> EXCERPTED RECORDS
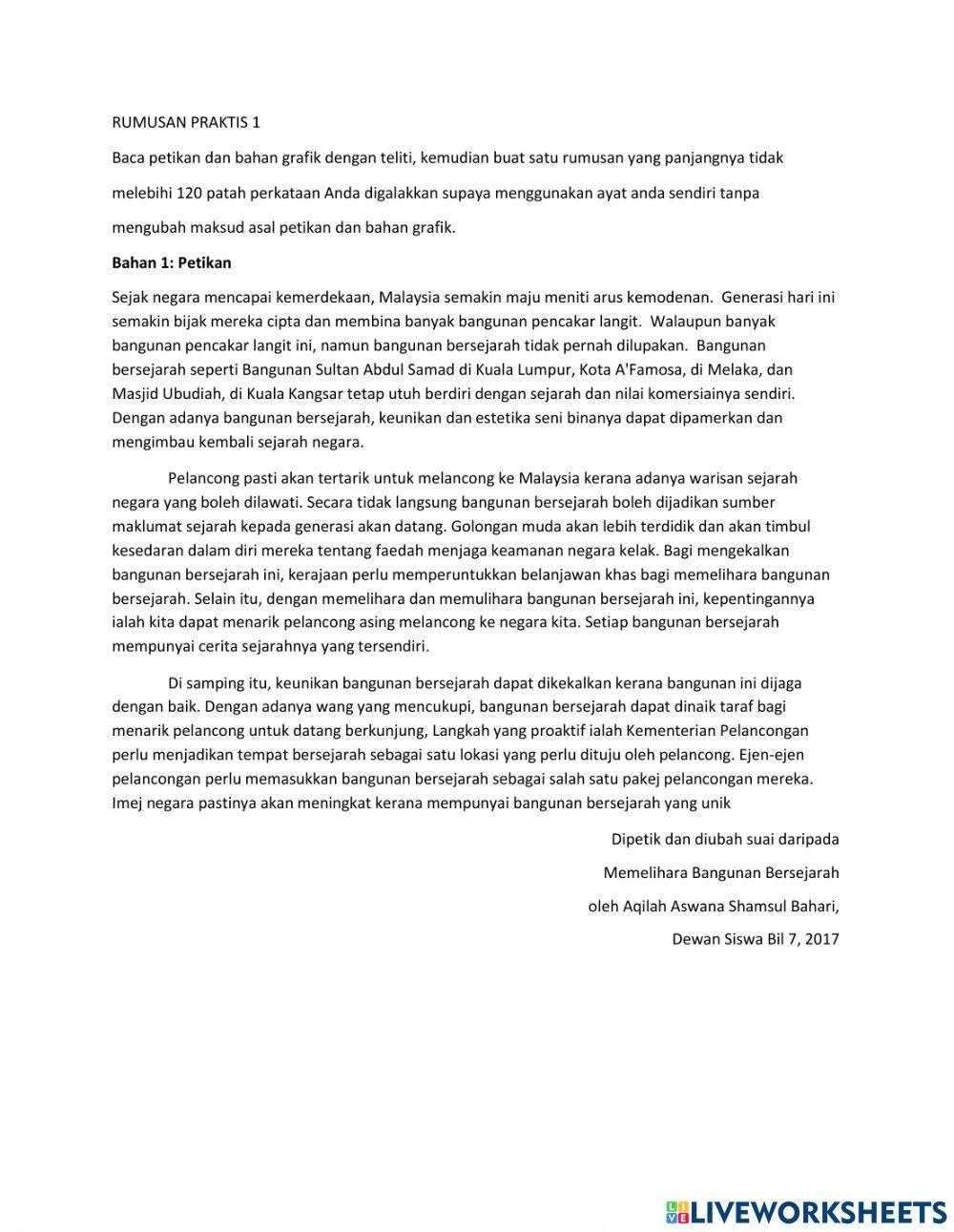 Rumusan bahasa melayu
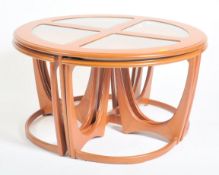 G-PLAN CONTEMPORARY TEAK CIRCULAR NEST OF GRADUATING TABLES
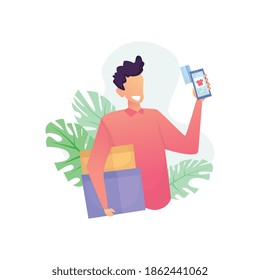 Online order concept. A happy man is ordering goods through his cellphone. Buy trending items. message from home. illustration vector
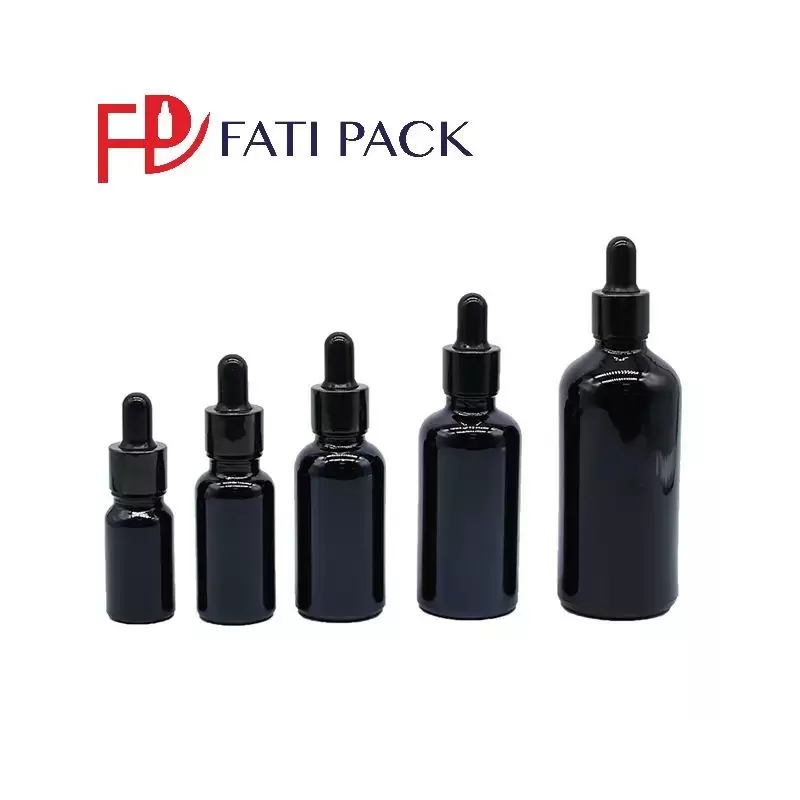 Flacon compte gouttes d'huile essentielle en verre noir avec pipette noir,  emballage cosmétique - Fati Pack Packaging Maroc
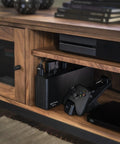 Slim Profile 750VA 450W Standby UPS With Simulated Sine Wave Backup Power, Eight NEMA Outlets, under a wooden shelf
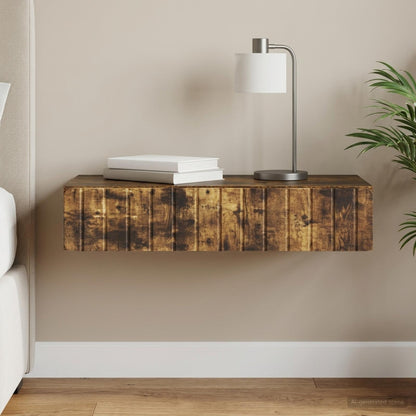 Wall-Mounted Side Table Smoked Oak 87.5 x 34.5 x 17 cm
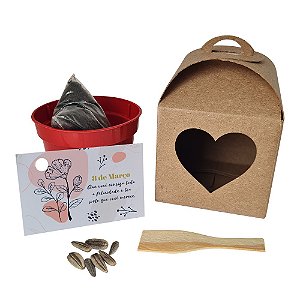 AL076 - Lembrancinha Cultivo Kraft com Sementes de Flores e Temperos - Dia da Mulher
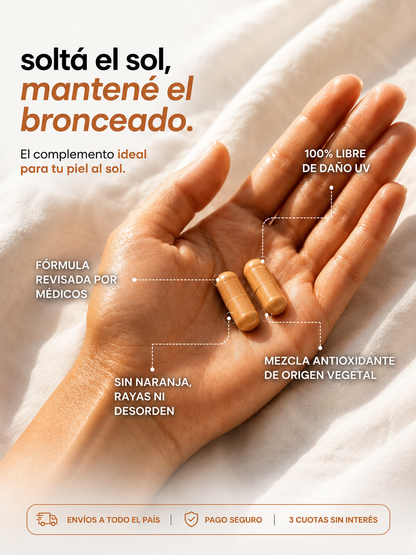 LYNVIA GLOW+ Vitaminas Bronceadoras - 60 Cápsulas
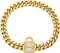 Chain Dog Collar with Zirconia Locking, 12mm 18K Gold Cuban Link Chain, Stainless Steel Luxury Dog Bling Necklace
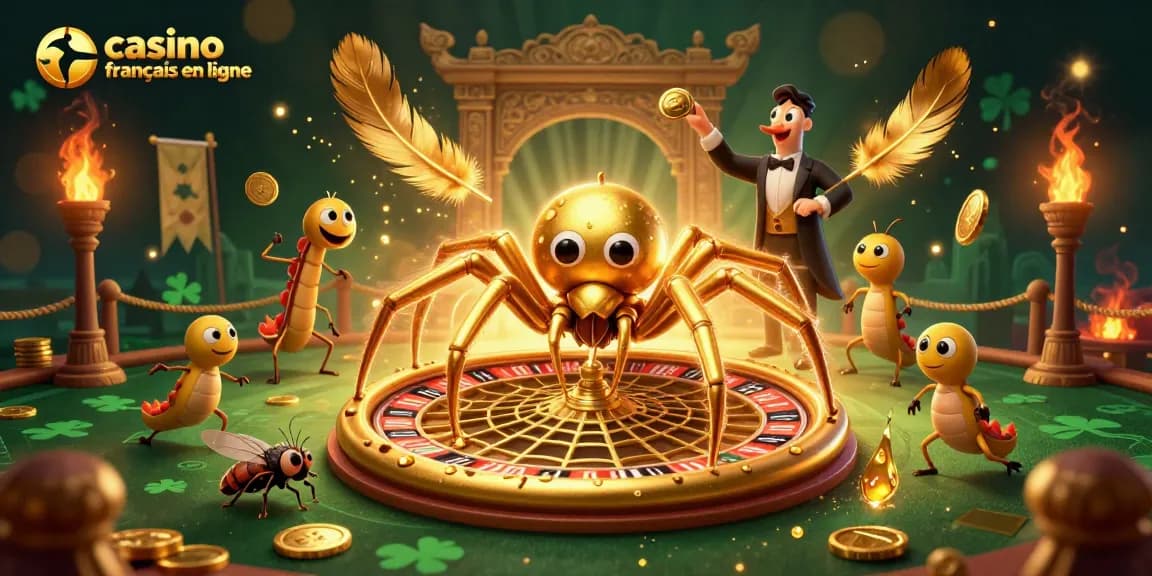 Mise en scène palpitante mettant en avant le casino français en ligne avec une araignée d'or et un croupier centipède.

> ABOUT THIS TASK
Transcribe the span of lines that runs from the line with "Slim Profile 750VA" to the end of the data, both ends included, exactly, with nothing else and no pictures.

> ANSWER
 Slim Profile 750VA 450W Standby UPS With Simulated Sine Wave Backup Power, Eight NEMA Outlets, under a wooden shelf
 Wall-Mounted Side Table Smoked Oak 87.5 x 34.5 x 17 cm
 AL076 - Lembrancinha Cultivo Kraft com Sementes de Flores e Temperos - Dia da Mulher
 LYNVIA GLOW+ Vitaminas Bronceadoras - 60 Cápsulas
 Chain Dog Collar with Zirconia Locking, 12mm 18K Gold Cuban Link Chain, Stainless Steel Luxury Dog Bling Necklace
 Mise en scène palpitante mettant en avant le casino français en ligne avec une araignée d'or et un croupier centipède.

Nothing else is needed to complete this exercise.